**Information supplied:**

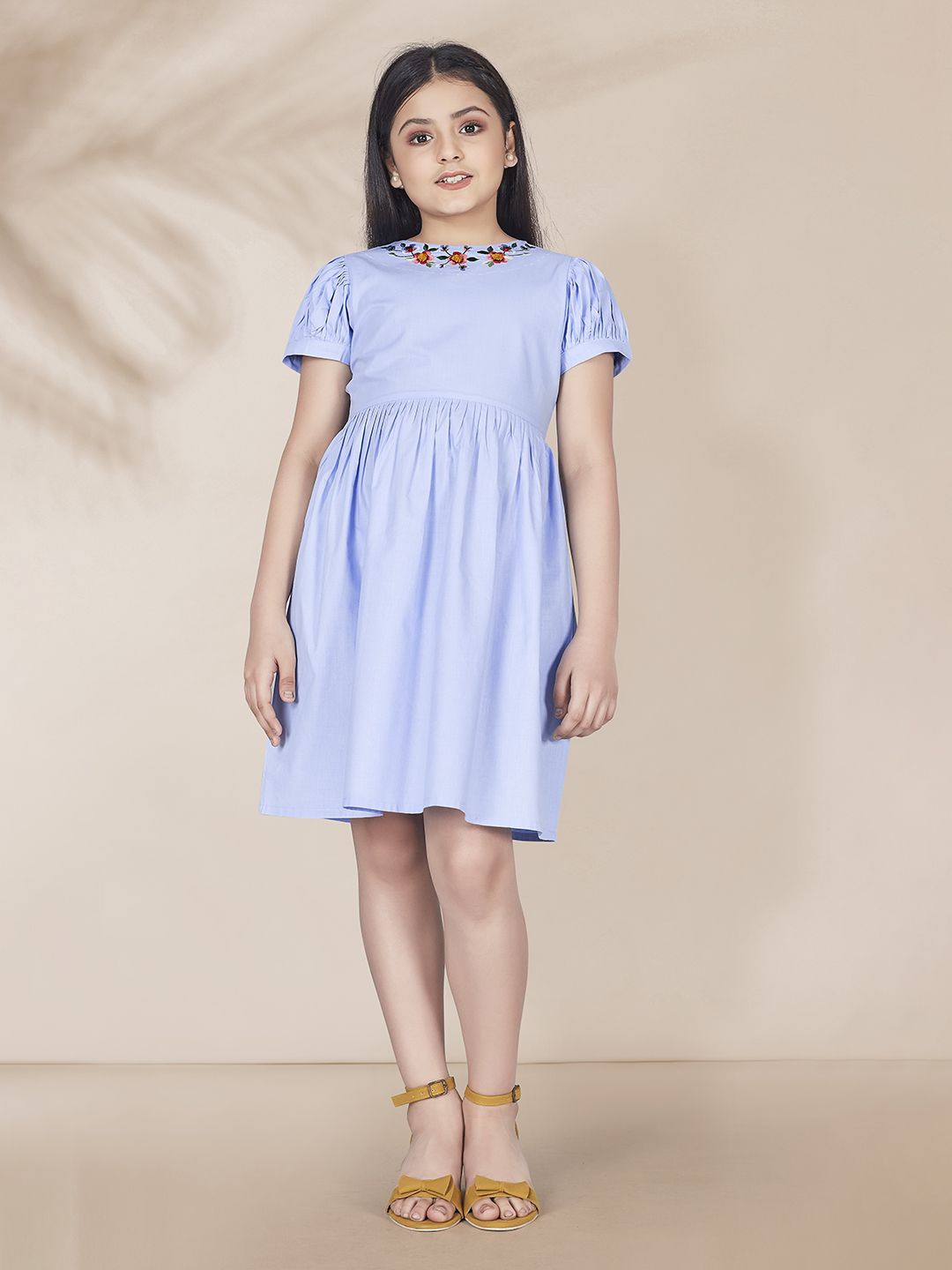 

BAESD Embroidered Boat Neck Fit & Flare Dress, Blue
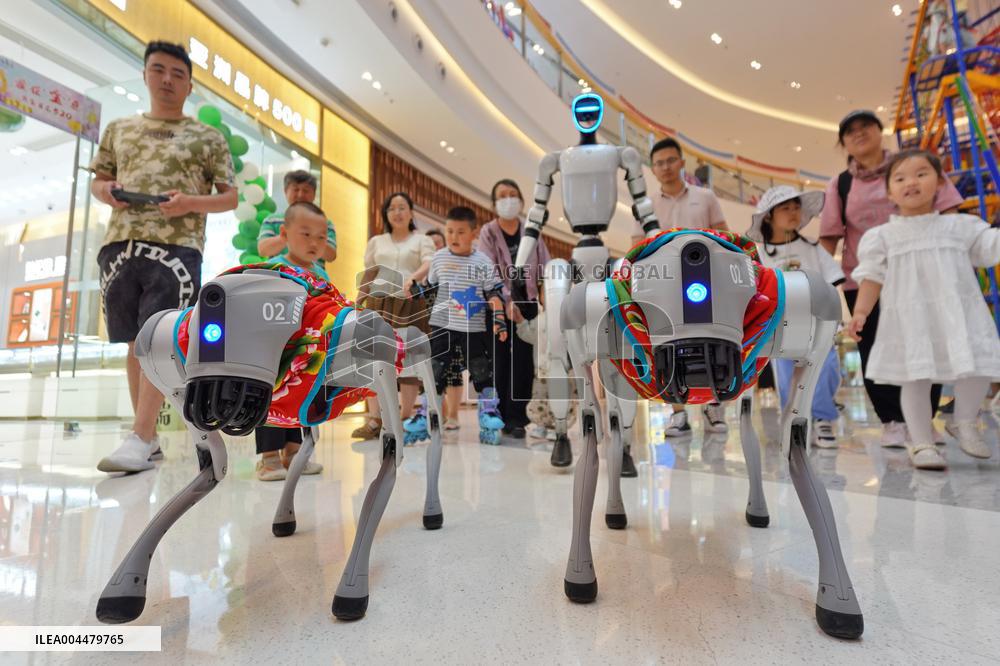 China Robot Industry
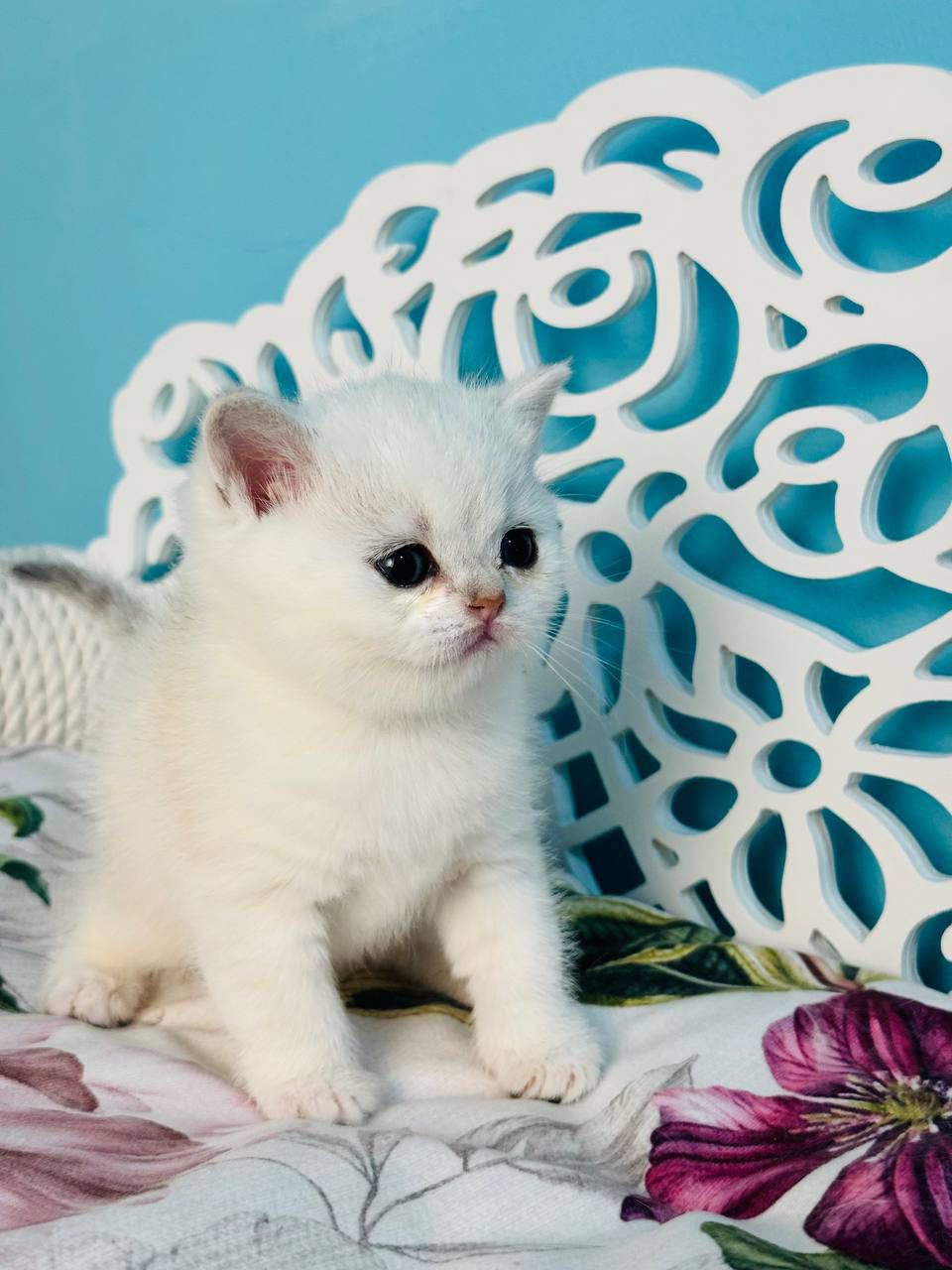 WhatsApp Image 2026-04-03 at 19.20.42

**Assigned task:** Without including any picture, copy the listing above exactly and in full.

**Exercise result:**
BAESD Embroidered Boat Neck Fit & Flare Dress, Blue
 China Robot Industry
 WhatsApp Image 2026-04-03 at 19.20.42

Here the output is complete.